Who was Ernest Wollan? In many ways, he was a pioneer — the first person to have the title “health physicist,” and the first to create a group fully devoted to radiation safety. Before Wollan and his team created the film badge dosimeter, the only way to measure a worker’s radiation dose exposure was by using a pocket ionization chamber, which was prone to error. Wollan received his doctorate investigating X-ray scattering from crystals, so he was well-versed in both the science and associated risks.
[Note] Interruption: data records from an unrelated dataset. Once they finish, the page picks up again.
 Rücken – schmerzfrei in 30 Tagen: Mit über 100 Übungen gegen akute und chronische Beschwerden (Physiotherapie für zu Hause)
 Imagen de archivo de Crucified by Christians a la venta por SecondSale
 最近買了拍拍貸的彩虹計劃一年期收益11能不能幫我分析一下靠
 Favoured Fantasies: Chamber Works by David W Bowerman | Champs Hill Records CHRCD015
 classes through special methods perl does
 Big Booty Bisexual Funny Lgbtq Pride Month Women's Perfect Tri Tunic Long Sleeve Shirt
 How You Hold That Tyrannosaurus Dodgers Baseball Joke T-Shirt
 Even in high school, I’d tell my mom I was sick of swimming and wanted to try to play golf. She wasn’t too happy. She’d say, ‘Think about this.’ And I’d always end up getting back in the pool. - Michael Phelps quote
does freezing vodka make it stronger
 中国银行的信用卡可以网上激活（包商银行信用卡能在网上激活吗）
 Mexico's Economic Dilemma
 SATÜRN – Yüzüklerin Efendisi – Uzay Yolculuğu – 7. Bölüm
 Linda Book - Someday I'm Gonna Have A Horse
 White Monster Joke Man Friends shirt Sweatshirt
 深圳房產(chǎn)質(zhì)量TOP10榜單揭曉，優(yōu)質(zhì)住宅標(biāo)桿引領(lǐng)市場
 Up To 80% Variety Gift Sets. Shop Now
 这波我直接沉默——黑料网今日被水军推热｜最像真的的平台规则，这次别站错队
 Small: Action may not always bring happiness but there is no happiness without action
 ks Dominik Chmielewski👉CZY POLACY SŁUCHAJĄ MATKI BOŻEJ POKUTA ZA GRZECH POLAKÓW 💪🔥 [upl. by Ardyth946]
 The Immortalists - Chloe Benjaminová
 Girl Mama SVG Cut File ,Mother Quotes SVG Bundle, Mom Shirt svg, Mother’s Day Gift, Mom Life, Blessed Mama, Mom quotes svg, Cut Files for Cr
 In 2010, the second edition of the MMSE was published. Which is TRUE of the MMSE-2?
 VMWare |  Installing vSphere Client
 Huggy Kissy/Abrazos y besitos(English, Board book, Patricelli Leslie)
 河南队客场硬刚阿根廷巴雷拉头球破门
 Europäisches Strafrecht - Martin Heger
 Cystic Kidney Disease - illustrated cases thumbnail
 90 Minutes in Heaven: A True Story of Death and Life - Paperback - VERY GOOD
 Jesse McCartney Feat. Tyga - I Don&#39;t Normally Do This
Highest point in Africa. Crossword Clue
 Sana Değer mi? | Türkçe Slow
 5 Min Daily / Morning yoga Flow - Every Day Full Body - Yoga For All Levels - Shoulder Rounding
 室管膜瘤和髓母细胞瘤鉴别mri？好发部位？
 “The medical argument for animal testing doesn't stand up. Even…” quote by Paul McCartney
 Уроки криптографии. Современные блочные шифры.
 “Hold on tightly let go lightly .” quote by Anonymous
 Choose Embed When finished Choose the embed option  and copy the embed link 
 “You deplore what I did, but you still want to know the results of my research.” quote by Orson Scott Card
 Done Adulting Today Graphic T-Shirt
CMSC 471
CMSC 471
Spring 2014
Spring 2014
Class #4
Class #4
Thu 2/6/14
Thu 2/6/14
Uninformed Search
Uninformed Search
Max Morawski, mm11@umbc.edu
The Met Lab was focused on constructing Chicago Pile-1 (CP-1), the first nuclear pile. When CP-1 was first powered-up on December 2, 1942, Wollan set up an electroscope to measure the gamma levels and spent significant time ensuring that all his shielding calculations were correct. While the rest of the researchers were consumed with testing the results of their work, Wollan himself was immersed with ensuring their safety. He would set a precedent for the next eight decades of placing a high priority on radiation safety.
After World War II, Wollan worked with physicist Clifford Shull to develop a technique of neutron diffraction analysis for investigating crystal structure. Forty years later, Shull received the Nobel Prize in Physics for this work, but Wollan had already died and was unable to receive the award posthumously. Still, his legacy lives on in the hundreds of thousands of workers who have benefited from his accomplishments.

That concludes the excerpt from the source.